*** Begin section ***

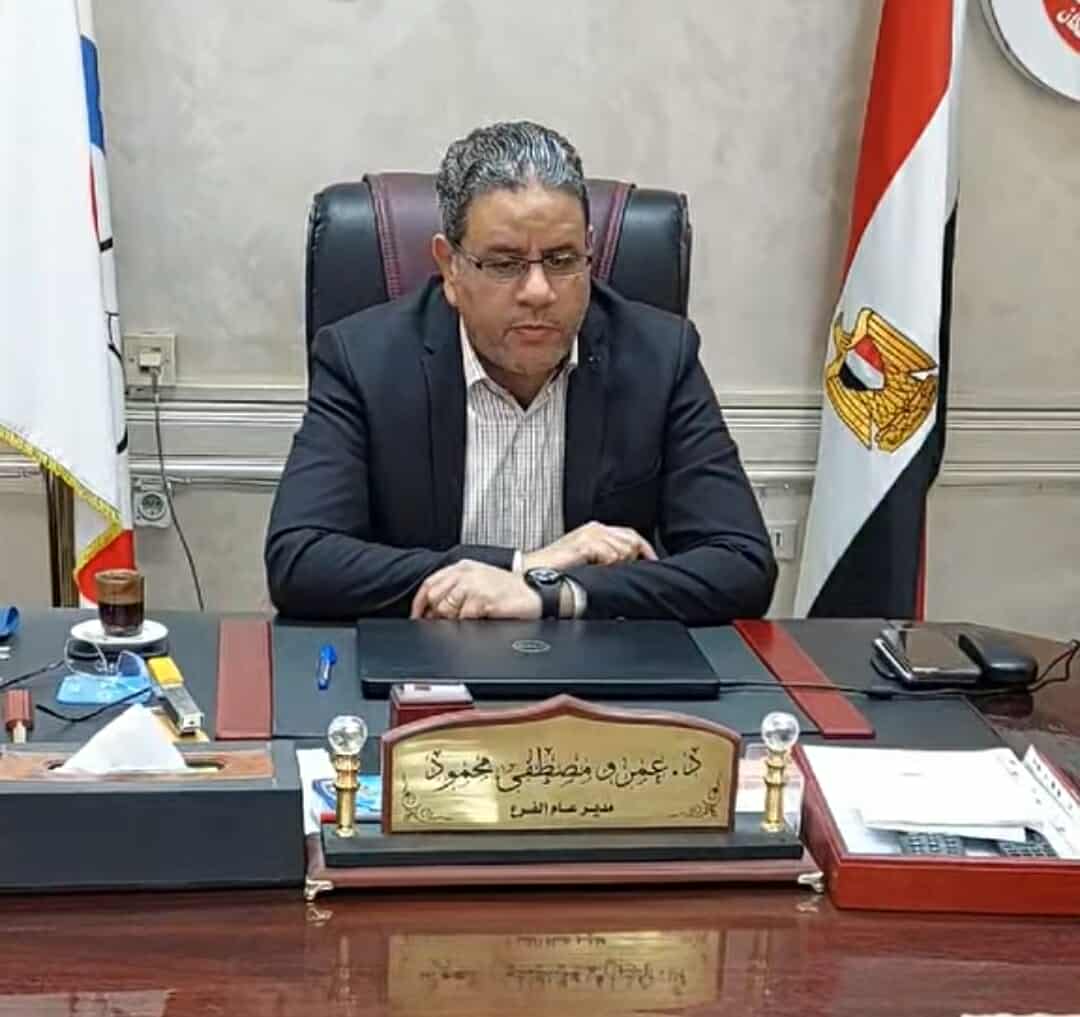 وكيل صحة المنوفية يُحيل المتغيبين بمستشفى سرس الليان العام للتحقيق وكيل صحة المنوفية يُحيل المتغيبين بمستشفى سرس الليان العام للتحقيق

*** End section ***
*** Begin section ***

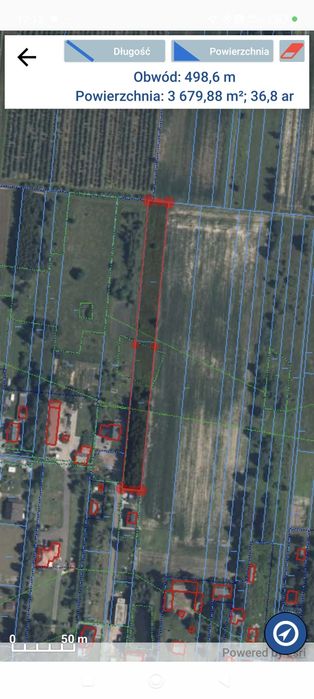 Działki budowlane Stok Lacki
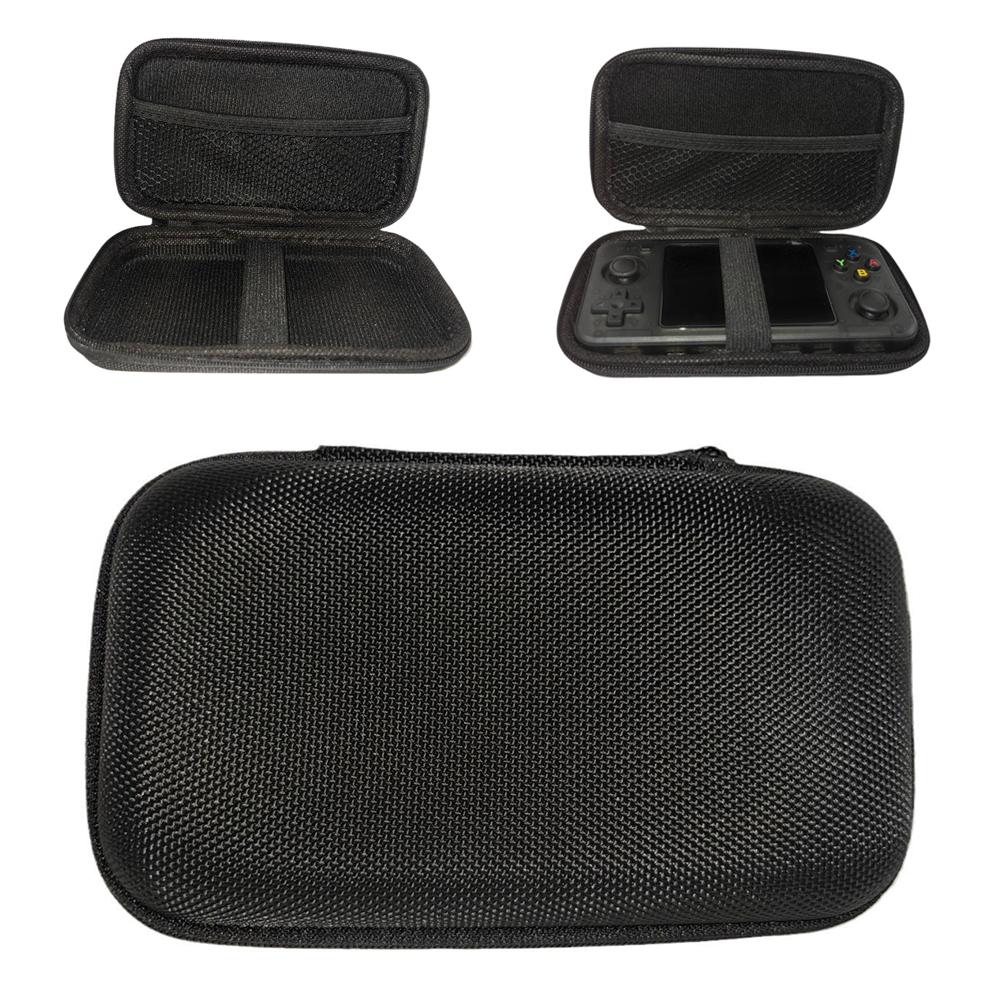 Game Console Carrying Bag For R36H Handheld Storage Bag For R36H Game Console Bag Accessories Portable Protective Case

*** End section ***
*** Begin section ***

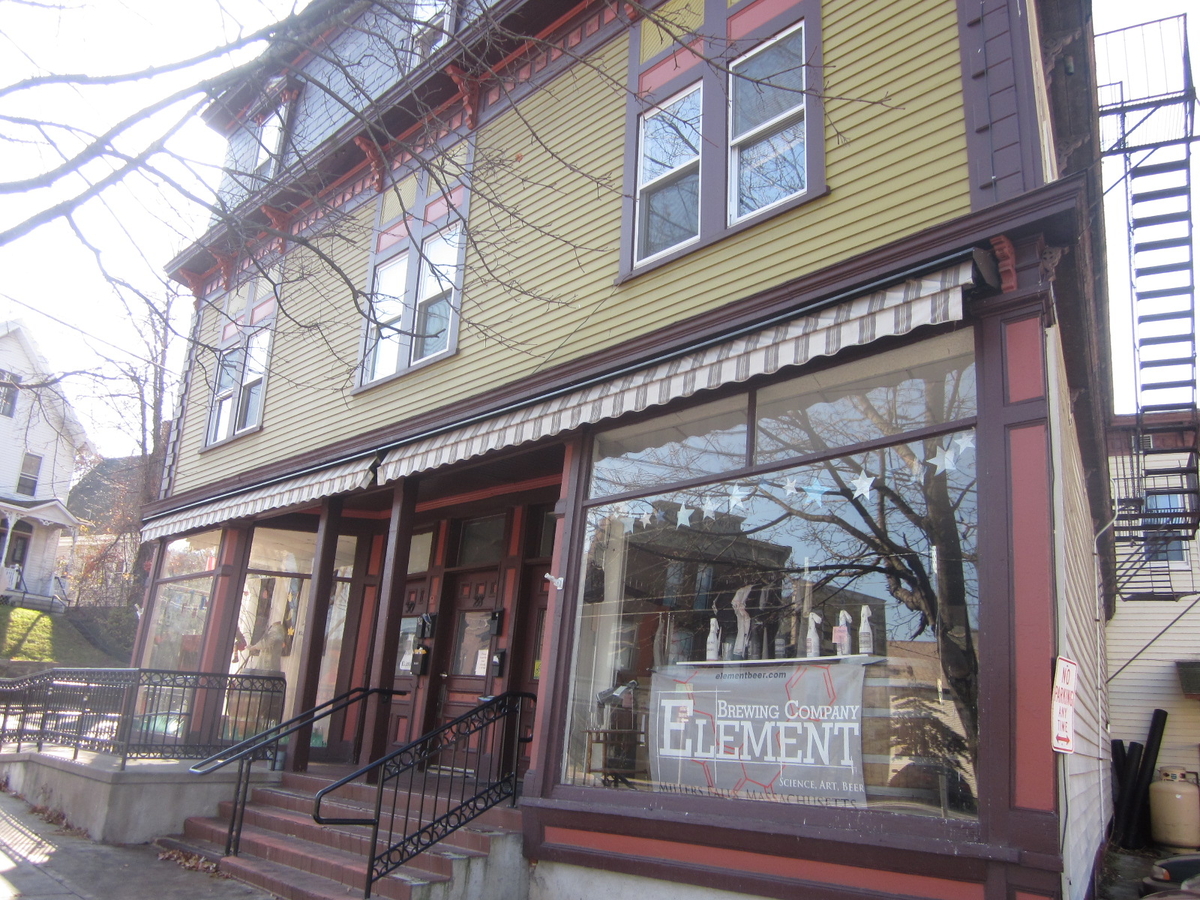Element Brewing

*** End section ***

Lines wanted from the entries above: the one with "Działki budowlane Stok Lacki", the one with "Game Console Carrying", and all lines between. Please copy them exactly, without the pictures and without anything else.

→ **TASK SOLUTION**
 Działki budowlane Stok Lacki
 Game Console Carrying Bag For R36H Handheld Storage Bag For R36H Game Console Bag Accessories Portable Protective Case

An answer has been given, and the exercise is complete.